The European market has long been highly competitive with newer entrants such as Hyundai and Kia taking hold. GM’s absence from Europe reduced its global market share, but the automaker has become much more profitable since.

The company’s healthy financial picture along with a pivot to electric vehicles and mobility has put Europe back in play for the automaker.

Return to Europe

Cadillac Lyriq fascia
Might the Cadillac Lyriq head to Europe?

Notably, Europe is the second-largest electric vehicle market in the world (behind China) with more than 20-percent of its sales in EVs. With tens of billions of dollars in funds allocated to full electrification, GM is eyeing how it can target the continent.

GM’s limited presence in Europe may have shielded the company from the current problems besetting the market. For example, the Ukraine-Russia war has disrupted supply chains and pushed fuel prices to record levels.

At the 2022 Milken Global Conference in Los Angeles this month, GM’s CEO Mary Barra commented on the company’s departure from Europe and return. “About five years ago, we sold our Opel business to what is now Stellantis and we have no seller’s remorse from an internal combustion business.

But we are looking at the growth opportunity that we have now, because we can reenter Europe as an all-EV player. I’m looking forward to that.”

GM’s earlier position in Europe included an electrified Opel Ampera. That model, based on the Chevrolet Volt plug-in hybrid, sold in small numbers.

When the company reduced its European footprint, it introduced the all-electric Chevrolet Bolt to the North American market. But that model will soon disappear as the company builds out all upcoming EVs on its Ultium platform.

Ultium to Europe

GM’s aggressive approach to electrification began late last year with the release of the all-electric GMC Hummer SUV. That model will be followed by a pickup truck in 2024. Also, production is underway for the all-electric Cadillac Lyriq SUV, with the order books opening this month. Deliveries should commence this summer.

A second model, the Cadillac Celestiq, should follow within two years. In all, GM plans some 30 all-electric models for its various brands, including Buick, Chevrolet, Cadillac, and GMC. Each is based on its modular Ultium platform that will also underpin select Honda models.

GM Mobility

Besides electric vehicles, GM is heavily invested in mobility, particularly autonomous vehicles. In 2016, the company purchased Cruise, a self-driving company based in San Francisco.
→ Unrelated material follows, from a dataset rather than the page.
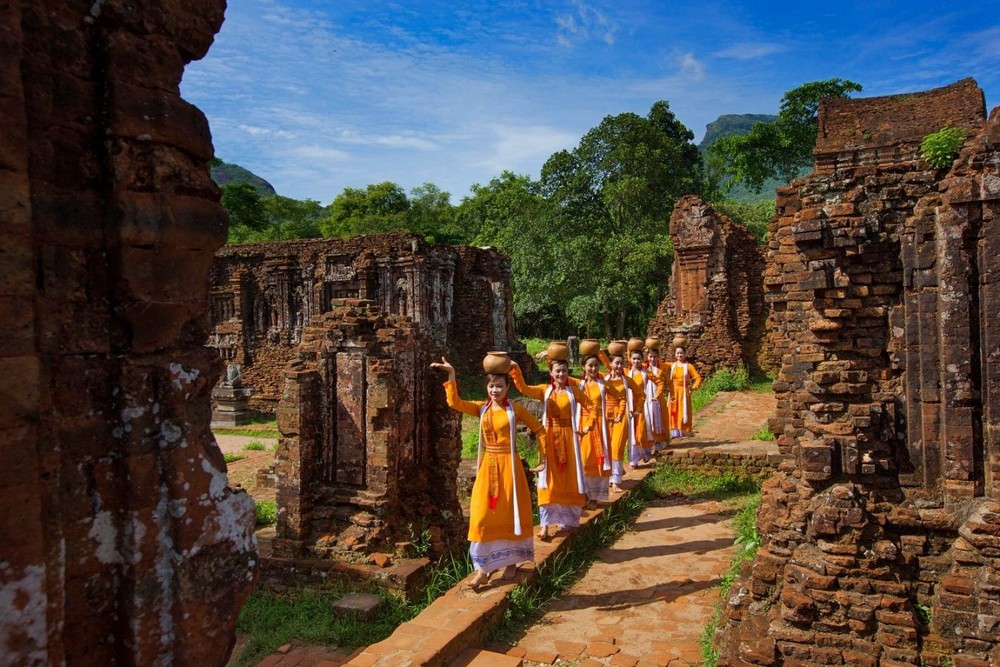 Khu  đền tháp Chăm Mỹ Sơn ở huyện Duy Xuyên, tỉnh Quảng Nam được UNESCO công nhận Di sản Văn hóa Thế giới vào năm 1999. Theo tư liệu của ban quản lý di sản, quần thể hơn 70 công trình kiến trúc đền tháp Chăm ở đây nằm giữa một thung lũng hùng vĩ, thâm nghiêm, được tạo lập trong suốt thời gian dài 900 năm, từ thế kỷ 4 đến thế kỷ 13. Ảnh: Myson Sanctuary.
Honda and Microsoft are other significant stakeholders.

GM outfitted its Chevrolet Bolt electric vehicle with the technology and has driven millions of miles since. San Francisco, Detroit, and Scottsdale, Arizona are the chief areas where the fleet is deployed.

More recently, GM built the Cruise Origin, a driverless vehicle with no steering wheel. Intended for ride-hailing service, the Origin is a dedicated all-electric model with a one-million-mile life expectancy.

Cruise received approval from the California Department of Motor Vehicles to fully test this model. The company has also petitioned the National Highway Traffic Safety Administration for deployment nationwide. Similarly, Honda intends to test the vehicle across Japan.

Europe: EV + Mobility

Lastly, combining full electrification with driverless technology makes the European market too difficult to ignore. How soon GM reenters Europe and in what capacity will most likely occur only after conditions there stabilize.


  1. LaReau, J. L. (2022, May 3). GM’s Barra: ‘We can reenter Europe as an all-EV player’.
  2. Shepardson, D. (2022, February 18). GM seeks U.S approval to deploy self-driving vehicles. Reuters.